Il Sebastiano di Davanzo è trafitto da frecce che nel sintetico – quasi infantile – disegno rinviano ad archetipi primitivi e tribali: e tutta una sezione della mostra esibisce simboli iniziatici e misteriosi che il nostro artista riferisce a repertori di disegni utilizzati da adepti a sette segrete per tatuaggi di reciproco riconoscimento.
Anche una immagine universalmente iconica come la leonardesca Gioconda entra nel girone pandemico, presentandosi con il volto celato in parte dalla odiosamata mascherina di varie fogge e colori, come è toccato a tutti di dover sperimentare in quei mesi dolorosi.
E le tragiche immagini delle bare in convogli di camionette militari sembrano evocate, pur trasfigurate, nelle sepolture dei nudi crudamente disegnati in avelli danteschi: ricordano i paurosi Trionfi della morte che rendevano le nostre città – secondo gli alti versi del Foscolo – “meste d’effigiati scheletri”; strani angeli si chinano sui tumuli a prelevare le piccole anime delle figure defunte, quasi un presagio di eterna risurrezione.
E a portare ulteriore fiducia si affaccia, fra tragiche figure, il volto sereno e pacioso di Carmelo Zotti, il nostro grande artista da pochi anni scomparso, che Walter tiene in conto di maestro, riferimento per l’arte ma anche campione di umanità.

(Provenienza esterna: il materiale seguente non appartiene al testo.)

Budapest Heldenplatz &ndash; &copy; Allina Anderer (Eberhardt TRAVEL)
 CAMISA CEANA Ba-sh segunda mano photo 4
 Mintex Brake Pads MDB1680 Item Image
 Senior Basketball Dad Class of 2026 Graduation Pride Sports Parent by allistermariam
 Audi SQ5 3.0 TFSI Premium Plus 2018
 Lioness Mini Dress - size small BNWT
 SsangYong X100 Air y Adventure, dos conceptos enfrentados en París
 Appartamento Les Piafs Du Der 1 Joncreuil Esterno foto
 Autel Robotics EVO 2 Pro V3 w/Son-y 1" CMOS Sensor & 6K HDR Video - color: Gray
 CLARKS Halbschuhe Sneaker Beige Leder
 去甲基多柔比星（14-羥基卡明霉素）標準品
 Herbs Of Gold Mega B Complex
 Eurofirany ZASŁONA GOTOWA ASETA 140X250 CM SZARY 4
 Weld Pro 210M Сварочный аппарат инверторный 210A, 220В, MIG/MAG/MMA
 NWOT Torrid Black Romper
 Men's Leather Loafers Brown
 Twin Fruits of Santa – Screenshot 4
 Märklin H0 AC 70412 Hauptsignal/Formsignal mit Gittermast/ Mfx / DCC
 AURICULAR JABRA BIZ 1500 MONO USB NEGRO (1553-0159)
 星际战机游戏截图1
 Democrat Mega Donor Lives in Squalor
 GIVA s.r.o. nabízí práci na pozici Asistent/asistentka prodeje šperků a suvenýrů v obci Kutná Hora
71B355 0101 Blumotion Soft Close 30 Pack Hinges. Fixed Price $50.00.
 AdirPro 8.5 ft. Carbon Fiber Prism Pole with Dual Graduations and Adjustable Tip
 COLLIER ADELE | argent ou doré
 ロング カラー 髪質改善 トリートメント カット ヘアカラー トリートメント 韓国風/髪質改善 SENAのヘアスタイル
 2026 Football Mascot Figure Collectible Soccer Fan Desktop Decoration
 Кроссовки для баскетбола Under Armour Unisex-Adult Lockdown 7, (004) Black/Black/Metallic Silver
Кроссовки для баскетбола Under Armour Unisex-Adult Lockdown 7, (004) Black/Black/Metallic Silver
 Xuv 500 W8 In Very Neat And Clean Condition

Fremente vitalità sembra infondere la figura della Veritas – un altro riferimento all’antico: l’Amor sacro di Tiziano – che, nuda per il furto delle vesti da parte della menzognera Calunnia, si affaccia dal bordo del pozzo, promessa di erotici piaceri. E quanta trepida liricità, pur velata di malinconia, in quella ripetuta bimba impedita ad usar la sua piccola biciletta; e nei “fratellini” sotto la finestra chiusa a rimirare un uccellino – ahilui – anch’egli in gabbia. E incombe sempre il disadorno disegno della casa – casa-prigione – anche nelle moltiplicate variazioni del “déjeuner sur l’herbe”, tema caro alla pittura francese impressionista e qui evocato – nella declinazione ora di Monet ora di Renoir – come fuga dal chiuso delle stanze, voglia di aria campestre e di libertà, quasi un segnale di speranza : o così noi vogliamo leggere questi convegni all’aperto dove non mancano ironia e intellettuale divertimento – ah, quelle grandi nere orecchie di Topolino! – a ricordarci con Walter Davanzo gli sconfinati territori dell’arte e della poesia.
Post scriptum: la necessità aguzza l’ingegno, ci ricorda il proverbio. Terminate le tele vergini e impedito dalla clausura ad acquistarne di nuove Walter Davanzo ha riciclato tele usate, dipingendo i nuovi soggetti sopra composizioni precedenti, talché ne risultano trasparenze e sovrapposizioni. E ne ha tratto un saggio insegnamento: che non val la pena di accumulare tele su tele, dipinti su dipinti, lasciandone ai posteri l’onere del collocamento. Con il rischio, oltretutto, – ma non sarà così di certo per lui – di finire in una discarica.